PyTorch Checkpoint Rotation & Cleanup
Checkpoint rotation prevents disks from filling up by keeping only the most recent N checkpoints.
- Rotation policy (recommended)
Use two layers:
| Type | Keep |
| Epoch-based | last K epochs |
| Time-based | last T checkpoints |
| Always | last.pt |
Example:
- Keep last 5 epoch checkpoints
- Keep last 3 time checkpoints
- Directory layout
checkpoints/
├── epoch_010.pt
├── epoch_015.pt
├── epoch_020.pt
├── time_1709811223.pt
├── time_1709812123.pt
├── last.pt
- Helper functions (drop-in)
List checkpoints by prefix
import os
def list_ckpts(ckpt_dir, prefix):
files = [
f for f in os.listdir(ckpt_dir)
if f.startswith(prefix) and f.endswith(".pt")
]
files.sort(key=lambda x: os.path.getmtime(os.path.join(ckpt_dir, x)))
return files
Cleanup old checkpoints
def cleanup_ckpts(ckpt_dir, prefix, keep_last):
ckpts = list_ckpts(ckpt_dir, prefix)
for ckpt in ckpts[:-keep_last]:
path = os.path.join(ckpt_dir, ckpt)
try:
os.remove(path)
except OSError:
pass
- Unified save + rotate function (recommended)
import torch
import os
import time
def save_checkpoint(
ckpt_dir,
name,
state,
epoch_keep=5,
time_keep=3,
):
os.makedirs(ckpt_dir, exist_ok=True)
path = os.path.join(ckpt_dir, name)
torch.save(state, path)
# Update "last.pt"
torch.save(state, os.path.join(ckpt_dir, "last.pt"))
# Rotate
cleanup_ckpts(ckpt_dir, "epoch_", epoch_keep)
cleanup_ckpts(ckpt_dir, "time_", time_keep)
- Usage examples
Epoch-based
if (epoch + 1) % SAVE_EVERY_EPOCHS == 0:
save_checkpoint(
CKPT_DIR,
f"epoch_{epoch+1:03d}.pt",
state,
epoch_keep=5,
time_keep=3,
)
Time-based
if time.time() - last_save_time >= SAVE_EVERY_SEC:
save_checkpoint(
CKPT_DIR,
f"time_{int(time.time())}.pt",
state,
epoch_keep=5,
time_keep=3,
)
last_save_time = time.time()
- Slurm-safe termination (with rotation)
import signal
def handle_exit(signum, frame):
save_checkpoint(
CKPT_DIR,
"last.pt",
state,
epoch_keep=5,
time_keep=3,
)
exit(0)
signal.signal(signal.SIGTERM, handle_exit)

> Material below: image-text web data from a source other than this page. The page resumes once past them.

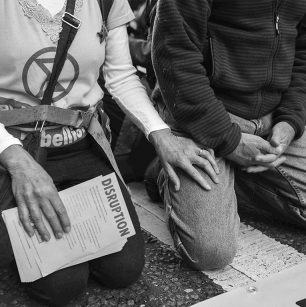 Image with missing alt attribute found on huckmag.com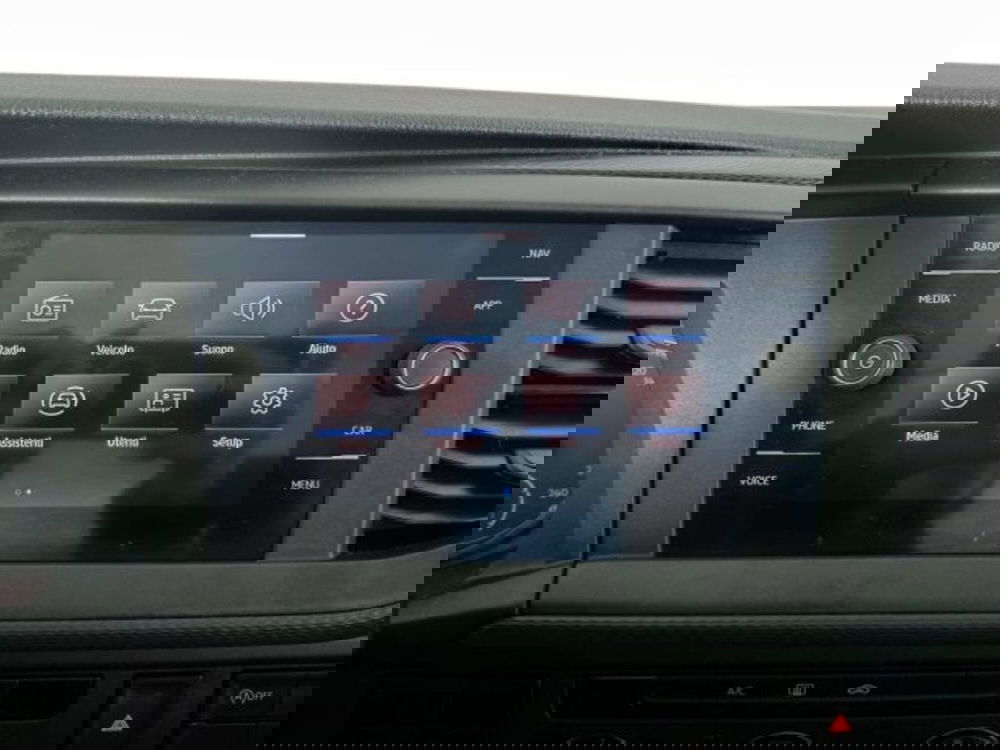 Volkswagen Veicoli Commerciali T6.1 usata a Teramo (15)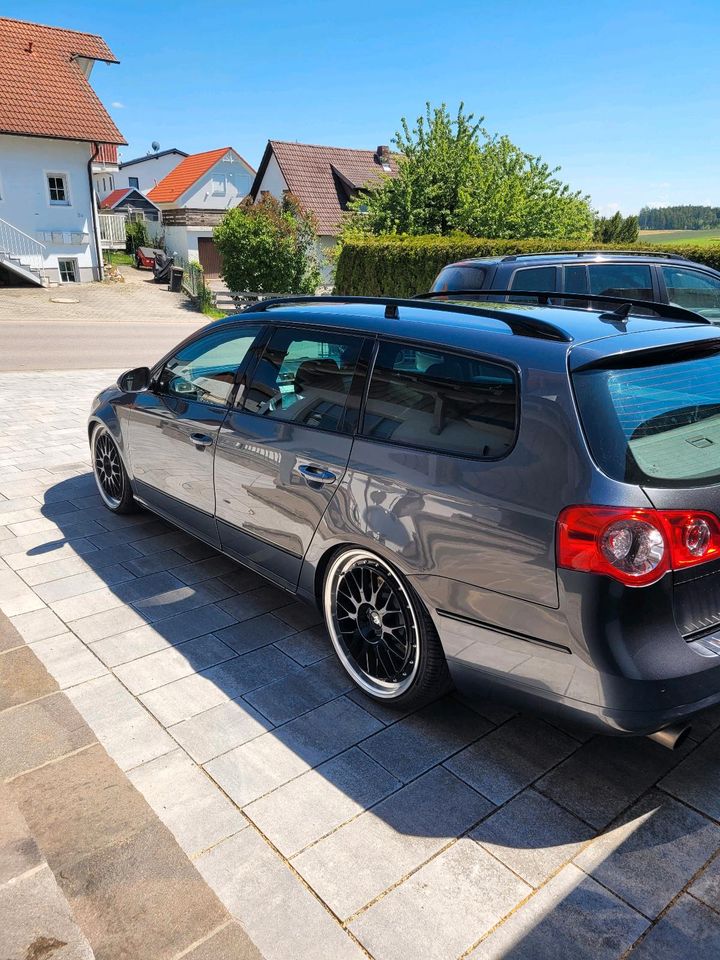 Passat 3c R32  4Motion DSG Daytonagrau Alcantara tüv neu in Vilsbiburg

signal.signal(signal.SIGINT, handle_exit)
- Advanced (optional): size-based cleanup
Remember, you have a home directory limit , so:
def cleanup_by_size(ckpt_dir, max_gb):
files = sorted(
(os.path.join(ckpt_dir, f) for f in os.listdir(ckpt_dir)),
key=os.path.getmtime
)
def total_size():
return sum(os.path.getsize(f) for f in files) / 1024**3
while total_size() > max_gb and files:
os.remove(files.pop(0))
- Best practices (short)
✔️ Always keep last.pt
✔️ Rotate after successful save
✔️ Never delete inside training step
✔️ Log checkpoint creation + deletion
✔️ Test resume path after cleanup
- One-line rule
Keep what you can resume from, delete everything else automatically.
Auto-Resume: Load the Newest Checkpoint Automatically
Auto-resume allows a training job to restart itself from the latest checkpoint without manually specifying a path.

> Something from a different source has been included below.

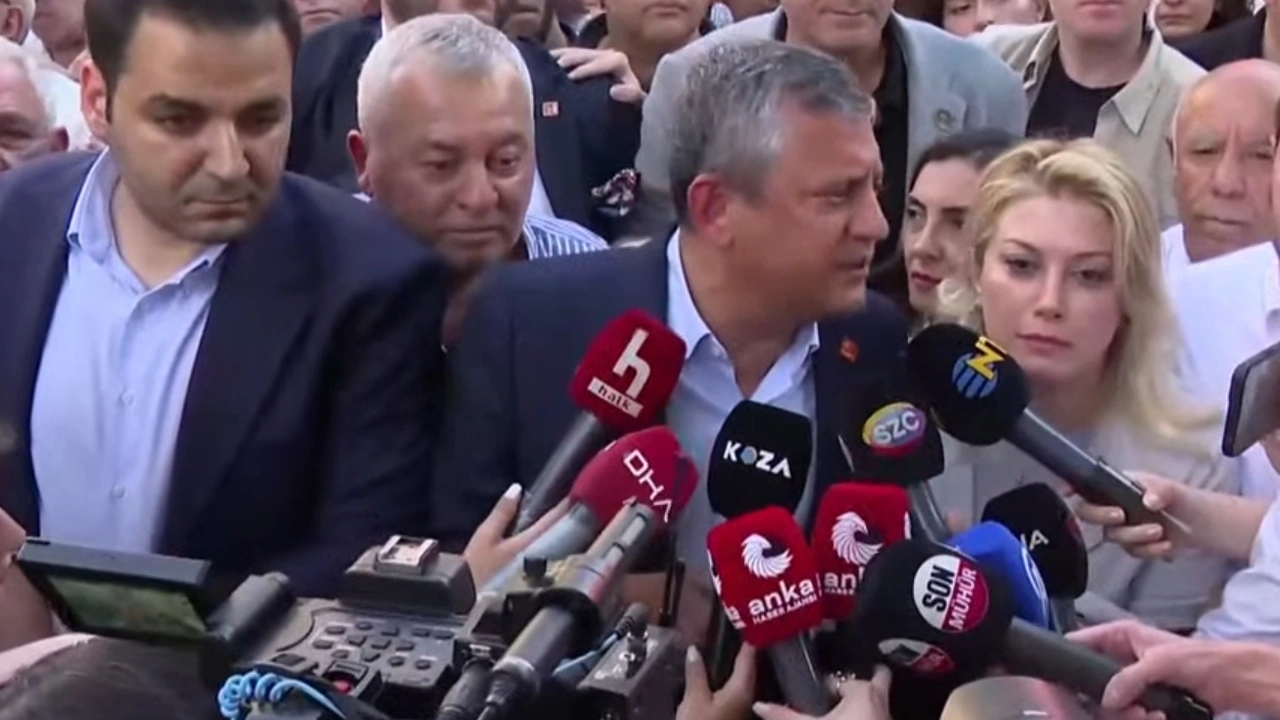 Son Dakika | Özgür Özel'den gözaltındaki Çankaya Belediye Başkanı'na destek yürüyüşü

Priority order (recommended):
- last.pt (if present)
- Newest epoch_*.pt
- Newest time_*.pt
- Start from scratch
- Checkpoint discovery logic
Helper: find newest checkpoint
import os
def find_latest_checkpoint(ckpt_dir):
if not os.path.isdir(ckpt_dir):
return None
last_path = os.path.join(ckpt_dir, "last.pt")
if os.path.isfile(last_path):
return last_path
candidates = []
for f in os.listdir(ckpt_dir):
if f.endswith(".pt") and (f.startswith("epoch_") or f.startswith("time_")):
path = os.path.join(ckpt_dir, f)
candidates.append(path)
if not candidates:
return None
candidates.sort(key=os.path.getmtime)
return candidates[-1]
- Resume function (model + optimizer + scheduler)
import torch
def auto_resume(
ckpt_dir,
model,
optimizer=None,
scheduler=None,
scaler=None,
device="cpu",
):
ckpt_path = find_latest_checkpoint(ckpt_dir)
if ckpt_path is None:
print("No checkpoint found — starting from scratch")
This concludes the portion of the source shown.